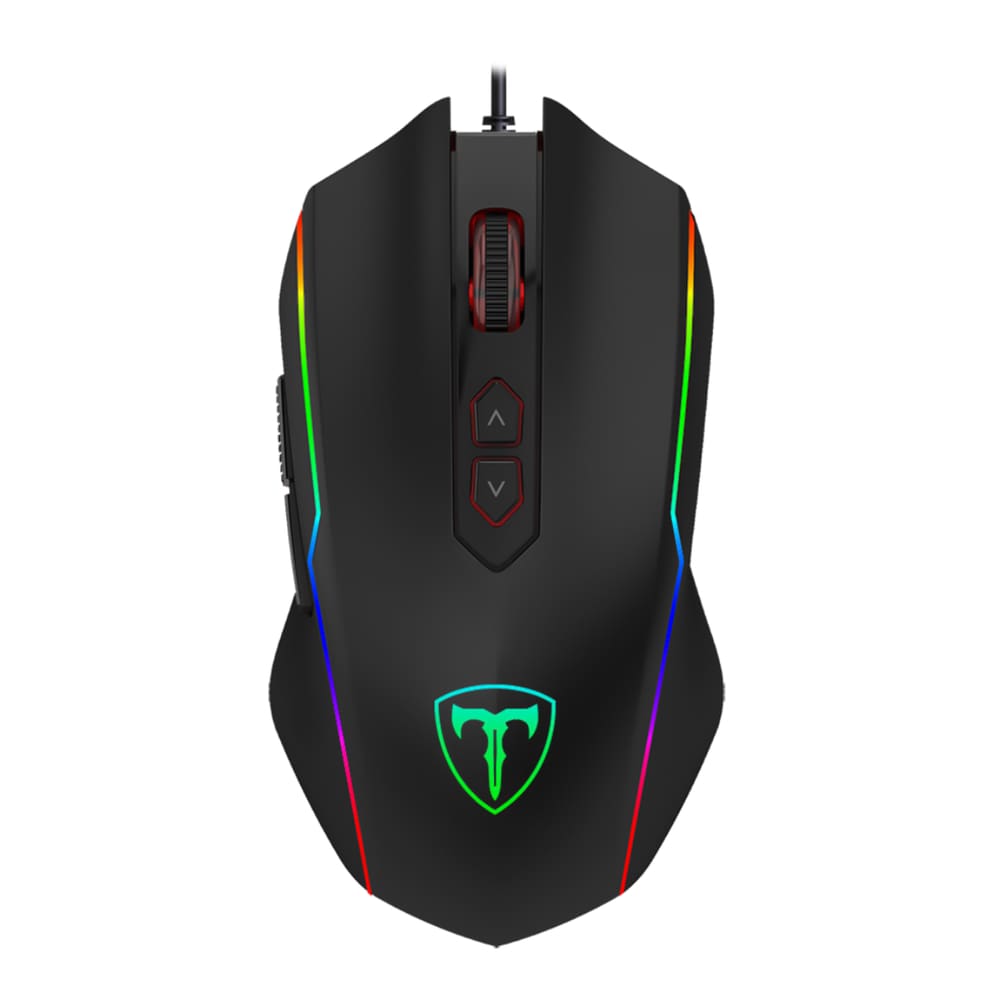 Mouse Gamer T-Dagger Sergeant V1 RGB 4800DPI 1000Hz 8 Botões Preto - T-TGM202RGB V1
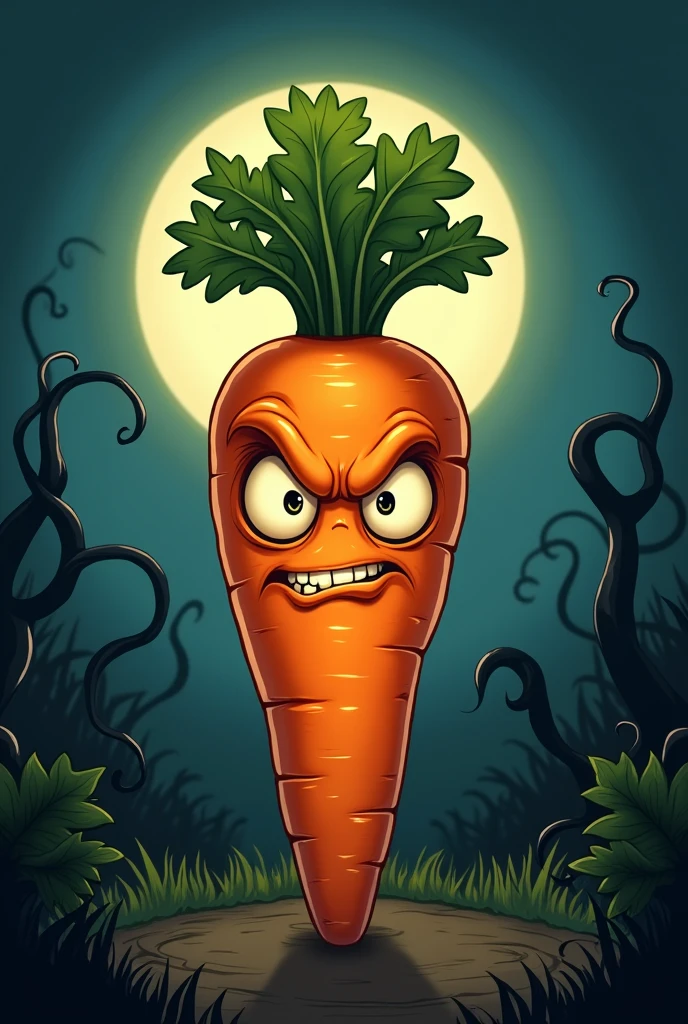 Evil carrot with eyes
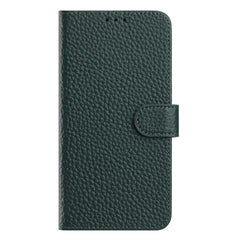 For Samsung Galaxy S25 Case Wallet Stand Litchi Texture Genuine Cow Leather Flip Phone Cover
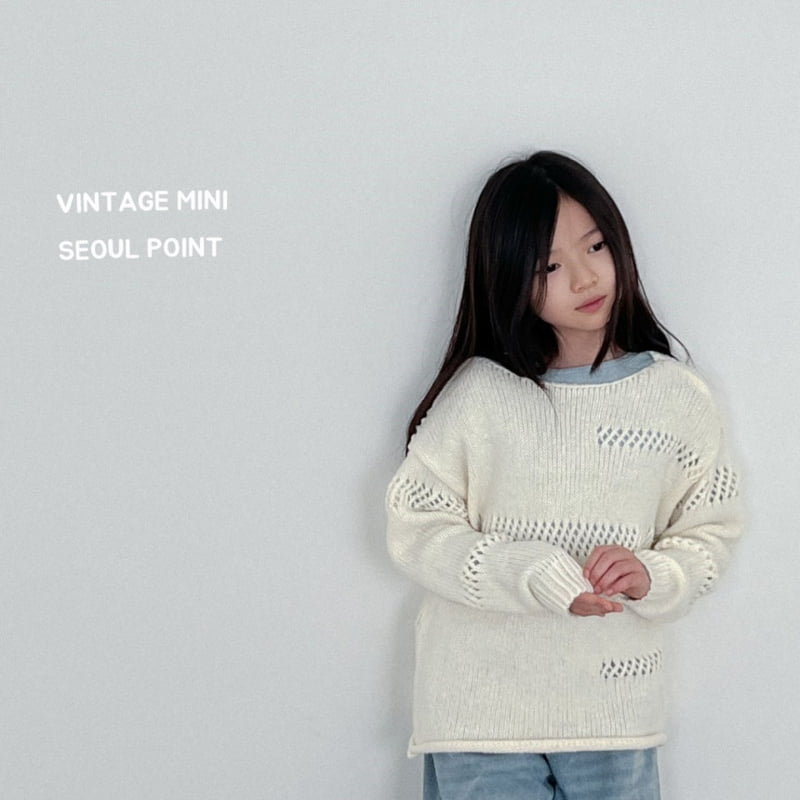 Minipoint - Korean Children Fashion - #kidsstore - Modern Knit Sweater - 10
──────────
» **DESCRIPTION OF THE TASK**
Restate word for word the lines from the one with "Evil carrot with eyes" to the end of the material, both included. Do not include the pictures.

» **RESPONSE AREA**
 Evil carrot with eyes
 For Samsung Galaxy S25 Case Wallet Stand Litchi Texture Genuine Cow Leather Flip Phone Cover
 Minipoint - Korean Children Fashion - #kidsstore - Modern Knit Sweater - 10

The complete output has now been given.